WORK ORDER: Your answer is the lines below, exactly, from the one that contains "Lot de 2 grenouillères" through the one that contains "FREEFORM WHITE PEARL STUD EARRINGS", both included.

Items from a data source:

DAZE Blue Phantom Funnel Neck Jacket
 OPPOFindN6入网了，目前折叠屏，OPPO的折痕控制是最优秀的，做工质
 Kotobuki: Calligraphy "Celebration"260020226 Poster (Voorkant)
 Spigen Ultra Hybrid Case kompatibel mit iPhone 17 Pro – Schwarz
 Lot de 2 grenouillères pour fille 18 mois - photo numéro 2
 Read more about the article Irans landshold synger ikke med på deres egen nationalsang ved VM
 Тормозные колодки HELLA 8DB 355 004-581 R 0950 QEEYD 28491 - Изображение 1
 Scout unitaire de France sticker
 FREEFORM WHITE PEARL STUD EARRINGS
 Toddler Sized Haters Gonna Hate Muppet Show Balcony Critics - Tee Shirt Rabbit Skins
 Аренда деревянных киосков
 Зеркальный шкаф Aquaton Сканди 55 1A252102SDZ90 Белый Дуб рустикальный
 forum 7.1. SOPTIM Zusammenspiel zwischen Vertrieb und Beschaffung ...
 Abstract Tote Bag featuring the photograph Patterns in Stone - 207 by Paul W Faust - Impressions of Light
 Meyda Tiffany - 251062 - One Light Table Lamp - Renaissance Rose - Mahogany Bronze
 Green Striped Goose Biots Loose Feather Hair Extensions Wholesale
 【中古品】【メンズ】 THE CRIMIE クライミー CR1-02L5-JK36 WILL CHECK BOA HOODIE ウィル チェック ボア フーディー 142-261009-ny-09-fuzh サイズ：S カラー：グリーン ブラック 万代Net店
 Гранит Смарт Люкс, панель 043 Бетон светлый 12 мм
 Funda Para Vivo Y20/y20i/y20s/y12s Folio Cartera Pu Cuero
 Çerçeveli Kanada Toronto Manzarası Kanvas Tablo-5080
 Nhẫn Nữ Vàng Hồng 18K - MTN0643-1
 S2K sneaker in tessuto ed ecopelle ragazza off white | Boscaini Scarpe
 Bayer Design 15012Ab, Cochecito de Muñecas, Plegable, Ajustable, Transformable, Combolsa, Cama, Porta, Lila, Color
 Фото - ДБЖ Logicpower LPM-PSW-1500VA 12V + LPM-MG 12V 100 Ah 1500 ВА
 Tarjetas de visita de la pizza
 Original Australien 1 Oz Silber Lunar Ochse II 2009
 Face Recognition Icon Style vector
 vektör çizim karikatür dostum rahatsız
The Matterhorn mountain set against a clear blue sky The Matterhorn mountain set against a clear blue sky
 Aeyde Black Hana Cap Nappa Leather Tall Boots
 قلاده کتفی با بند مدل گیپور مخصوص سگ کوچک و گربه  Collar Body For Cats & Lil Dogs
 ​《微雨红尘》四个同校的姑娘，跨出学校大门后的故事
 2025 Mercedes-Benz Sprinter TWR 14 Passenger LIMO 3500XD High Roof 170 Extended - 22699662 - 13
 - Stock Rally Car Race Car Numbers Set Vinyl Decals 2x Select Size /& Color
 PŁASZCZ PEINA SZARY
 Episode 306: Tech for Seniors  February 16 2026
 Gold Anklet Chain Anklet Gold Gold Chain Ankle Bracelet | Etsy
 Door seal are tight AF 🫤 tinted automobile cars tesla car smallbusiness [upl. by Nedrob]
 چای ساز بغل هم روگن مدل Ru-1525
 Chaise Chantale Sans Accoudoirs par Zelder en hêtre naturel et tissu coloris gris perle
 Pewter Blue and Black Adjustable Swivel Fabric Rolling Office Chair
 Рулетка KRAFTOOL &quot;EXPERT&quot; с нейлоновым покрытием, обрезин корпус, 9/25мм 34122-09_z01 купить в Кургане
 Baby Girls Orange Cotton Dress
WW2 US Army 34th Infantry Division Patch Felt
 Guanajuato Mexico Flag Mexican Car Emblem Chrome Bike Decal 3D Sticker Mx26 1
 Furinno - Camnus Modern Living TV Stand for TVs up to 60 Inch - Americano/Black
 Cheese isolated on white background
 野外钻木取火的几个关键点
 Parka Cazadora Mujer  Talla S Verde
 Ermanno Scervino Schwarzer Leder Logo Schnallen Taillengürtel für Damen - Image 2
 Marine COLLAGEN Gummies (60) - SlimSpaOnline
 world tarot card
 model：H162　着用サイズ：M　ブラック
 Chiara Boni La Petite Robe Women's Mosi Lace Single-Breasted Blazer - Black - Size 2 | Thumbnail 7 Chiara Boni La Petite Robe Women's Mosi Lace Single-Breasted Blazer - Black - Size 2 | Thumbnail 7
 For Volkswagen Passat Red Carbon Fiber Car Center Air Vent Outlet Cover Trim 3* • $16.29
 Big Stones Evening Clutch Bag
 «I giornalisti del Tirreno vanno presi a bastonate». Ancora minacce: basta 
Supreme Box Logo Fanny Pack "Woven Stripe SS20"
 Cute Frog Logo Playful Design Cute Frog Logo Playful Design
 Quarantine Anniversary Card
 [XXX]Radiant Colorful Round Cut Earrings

SOLUTION:
 Lot de 2 grenouillères pour fille 18 mois - photo numéro 2
 Read more about the article Irans landshold synger ikke med på deres egen nationalsang ved VM
 Тормозные колодки HELLA 8DB 355 004-581 R 0950 QEEYD 28491 - Изображение 1
 Scout unitaire de France sticker
 FREEFORM WHITE PEARL STUD EARRINGS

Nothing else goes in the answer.